‘The pestilence is at once blight and revelation, it brings the hidden truth of a corrupt world to the surface’ : Albert Camus ‘The Plague’
The Coronavirus pandemic is a planet changing event which will have profound effects on both our immediate and long term futures. With the end of the pandemic not yet in sight and with an already staggering UK death rate, likely to be one of the highest in the world, it may seem premature and even painful to talk about life in a post pandemic world. What is clear however is that, despite the positive messages accompanying the easing of the lockdown, our lives are not simply going to restart from the point at which they were frozen last March. The virus will continue its destructive course for the foreseeable future and we will need to learn how to change our lives to negotiate the very real risk it presents. The scars already inflicted by the impact of the virus will stay with us and the unprecedented disruption and fracturing of the economy and the dislocation of social behaviour and attitudes will mean that our world will be a very different place. It is also becoming clear that even if we could return to our old pre March world few of us would want to, ( a poll reported in the Observer of 12 July reported that only 12% wanted a return to the old ‘normal’ way of life).In this context of a fundamentally changed social environment it becomes imperative to talk about how we can be prepared for the new world and as teachers and educators we need to initiate a conversation about what that means for our children and young people.
The vast majority of pupils are likely to have received, by the time they return to school, no formal schooling for over 6 months. Discussion has focused on when and how children can safely return to school, there has been less attention paid to what schooling will be like when pupils do return and what they should be taught. Schools will not be the same places they were before the lockdown. What happened to schools and education during the lockdown may provide us with new starting points to think about reconstructing schooling. So the forced absence of external examinations may lead us to reconsider the UKs addiction to the massive over testing our children? Will the way parents and schools have tried to cope with the shutdown encourage us to make full use of technology for home support for all our children? Will the way we have managed schools during and in our emergence from the lockdown mean that we look again at how we organise the school day and group children?
The virus and our response to it may have created opportunities for change in the management and organisation of schooling but the magnitude of what has happened and the extent to which our world has changed raises more fundamental questions about what we need to teach children to equip them for the new post lockdown world.

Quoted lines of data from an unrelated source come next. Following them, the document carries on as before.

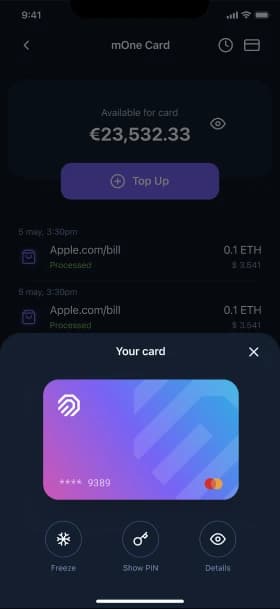 image-Custom tokens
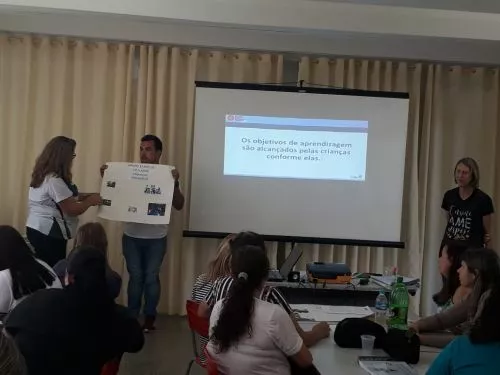 Formação Conexão Professor em AçãoÂÂ ÂÂ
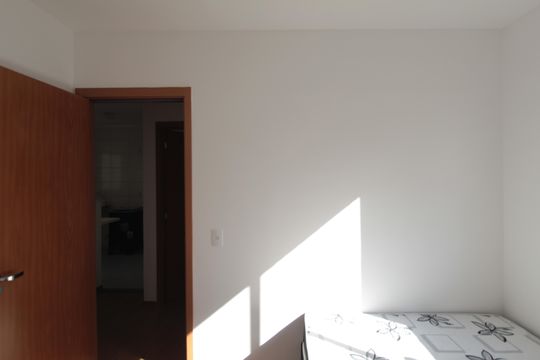 Quarto 1 de apartamento para alugar com 2 quartos, 50m² em Juliana, Belo Horizonte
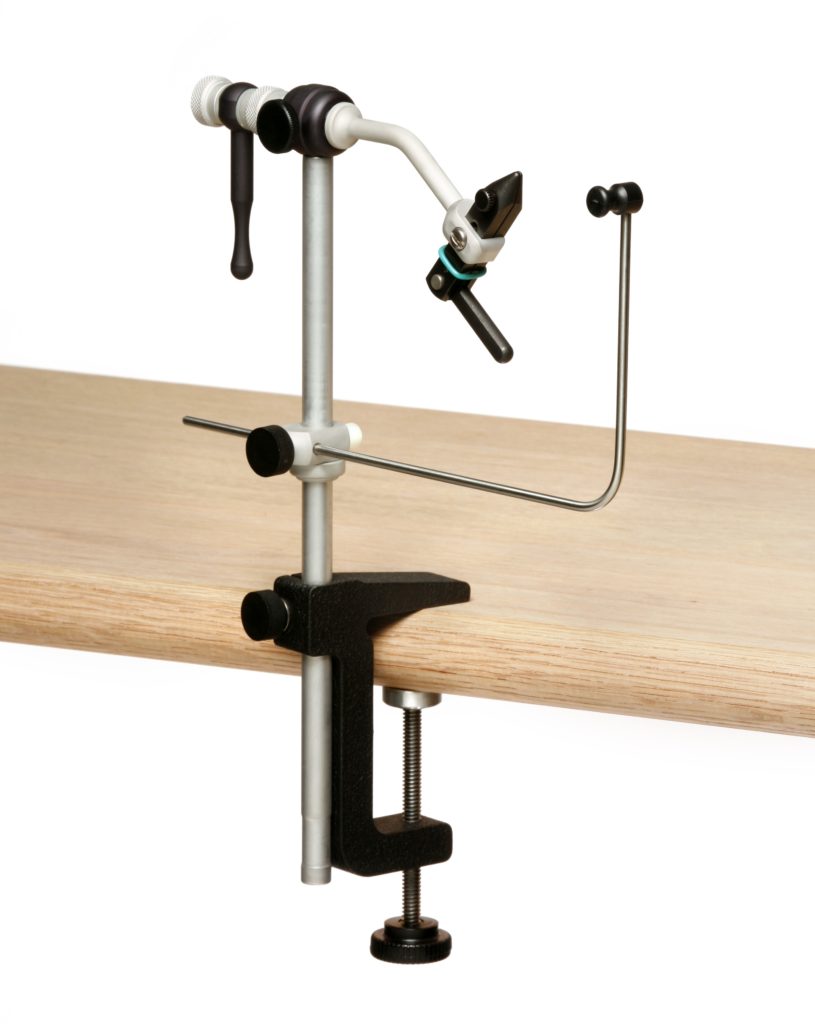 Renzetti Traveler 2200 Series C-Clamp Fly Tying Vise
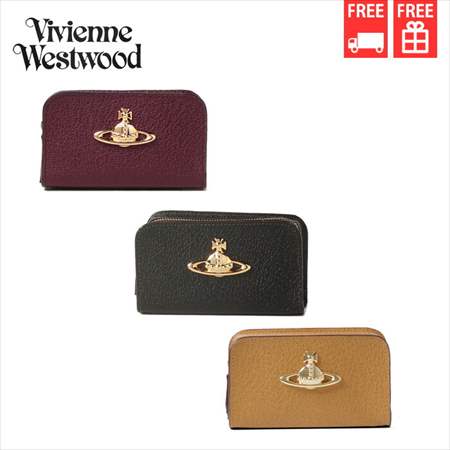 【送料無料】【ラッピング無料】ヴィヴィアンウエストウッド Vivienne Westwood マルチケース EXECUTIVE ラウンドファスナーマルチケース メンズ レディース ブランド 正規品 新品 ギフト プレゼント 人気 おすすめ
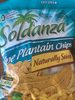 Ripe plantain chips - Produit
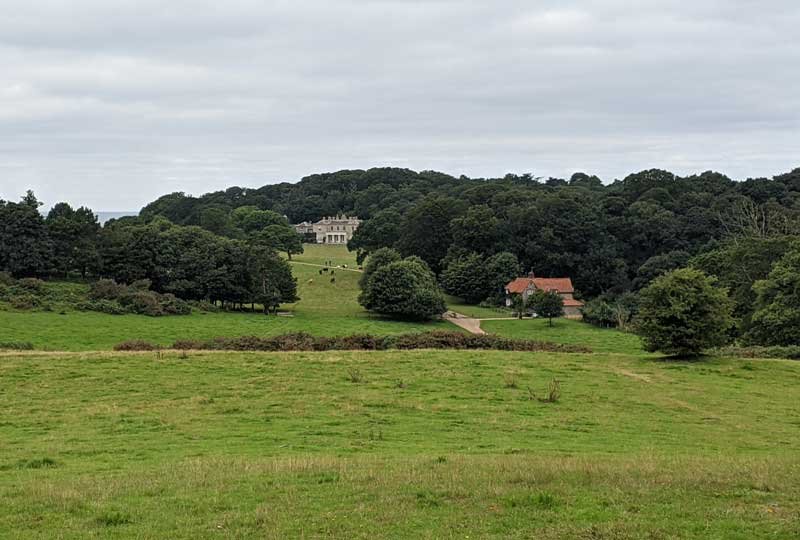 Sheringham Hall, Sheringham Hall, Norfolk, UK
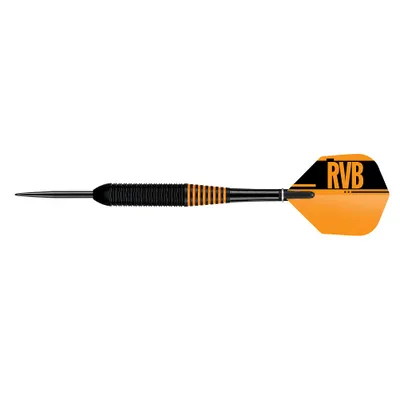 Immagine prodotto di S.D. Steel.RVB BlackBrass Schwarz 22gr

Although It is probably to early to understanding the effects on young people of the pandemic it is likely that the isolation, disruption and uncertainty of the last few months has led to a heightened anxiety amongst young people and a profound and pervasive impact on their mental health. There will be, therefore, an immediate need to support, through the curriculum, children’s well-being and their understanding and management of risk. There will also be a need for the curriculum to address the wider aspects of post pandemic change. How, for example, can a curriculum support young people growing up in a prolonged recession, what skills and knowledge bases will be important and how can we help our children and young people make sense of what is happening to their lives and society and why.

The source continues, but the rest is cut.